Updated: Oct 14, 2018
Lower back pain affects 85% of us at least once in our lifetime. Most of us are lucky enough to recover within a few months, but around 10% of people continue to suffer. The most commonly prescribed forms of exercise for lower back pain are Yoga and Pilates, but this type of exercise does not necessarily suit everyone's personality or schedule.
In this series of 3 blog posts I will take a closer look at the evidence behind these forms of exercise and hope to answer the following questions:
Part 2: Yoga for lower back pain - does it actually work?
In Part 1 I looked at the evidence behind the use of Pilates to treat lower back pain. Part 2 will now take a closer look at what Yoga is and if there is any evidence that it may be useful in the treatment of lower back injuries.
What is Yoga?
Yoga is an ancient form of exercise that consists of a combination of meditation and Yoga poses.
People tend to think of Yoga as mainly consisting of stretching exercises, but the poses develop strength, endurance and flexibility depending on how you perform them.
Yoga for lower back pain - does it actually work?
Yes, two literature reviews of the most current research agree that Yoga can reduce pain and disability associated with lower back pain.
I can unfortunately not make any recommendations as to what type of Yoga is best for lower back pain, since the included studies used several different types. The sessions were all led by experienced teachers which may have attributed to the positive results.
"But why does Yoga hurt my back?"
There may be several reasons why Yoga can make your pain worse, but the main 2 are:
1. Your teacher does not understand your condition and is not giving you appropriate exercises.
Not all movements and poses are appropriate for everyone. The Yoga classes used in the research studies were all tailored to the specific needs of the patients.
2. You are trying too hard – stop competing with the guy in the corner who can hook his leg behind his ear!
I always advise my patients to:
Book 1 to 1 sessions with an experienced Yoga teacher (preferably one with a physio background) for 6 weeks.
Make sure that your teacher provides you with an exercise sheet and do the exercises EVERY DAY.

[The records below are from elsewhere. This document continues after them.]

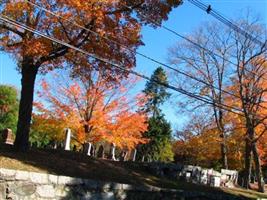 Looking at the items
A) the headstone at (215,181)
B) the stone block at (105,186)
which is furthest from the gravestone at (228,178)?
the stone block at (105,186)

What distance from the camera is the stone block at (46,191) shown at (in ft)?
39.6

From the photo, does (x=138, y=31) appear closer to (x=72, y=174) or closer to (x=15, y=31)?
(x=15, y=31)

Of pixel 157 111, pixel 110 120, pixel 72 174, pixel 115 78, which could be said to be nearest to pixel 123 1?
pixel 115 78

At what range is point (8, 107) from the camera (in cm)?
5078

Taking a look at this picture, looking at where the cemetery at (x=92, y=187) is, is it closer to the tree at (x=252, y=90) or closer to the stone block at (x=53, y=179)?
the stone block at (x=53, y=179)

Only join a class once you understand the movements and know your limitations. Make sure that you join a class that suits your skill/activity level.

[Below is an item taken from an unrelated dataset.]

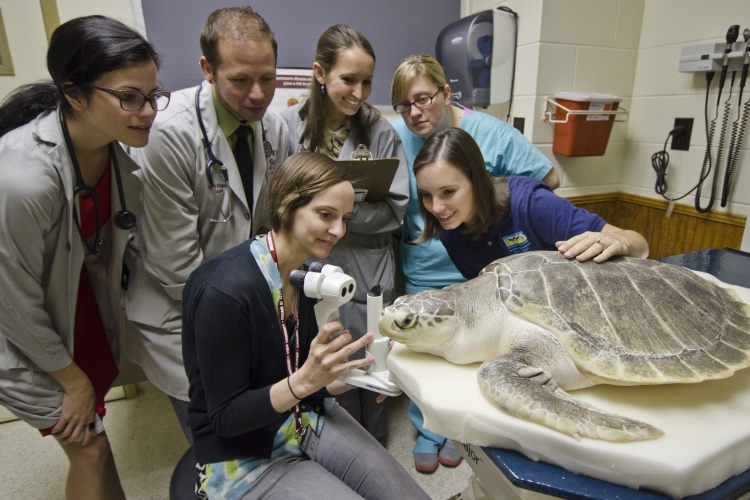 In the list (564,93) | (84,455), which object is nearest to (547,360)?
(84,455)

DO NOT PUSH THROUGH PAIN. While it may be normal to have a slight increase in your pain after a class, you should not experience a big flare in pain or other symptoms.
“But I really don’t like Yoga!”
Don’t worry. The research has found that Yoga is no more effective than other mind-body exercises like Thai Chi and Pilates.
Next week I’ll discuss what exercise regimes other than Pilates and Yoga have been shown to be beneficial for decreasing lower back pain.
Cramer, H., Lauche, R., Haller, H., & Dobos, G. (2013). A Systematic Review and Meta-analysis of Yoga for Low Back Pain. The Clinical Journal of Pain, 29(5), 450-460.
Saragiotto, B. T., Yamato, T. P., & Maher, C. (2015). Yoga for low back pain: PEDro systematic review update. British Journal of Sports Medicine, 49(20), 1351.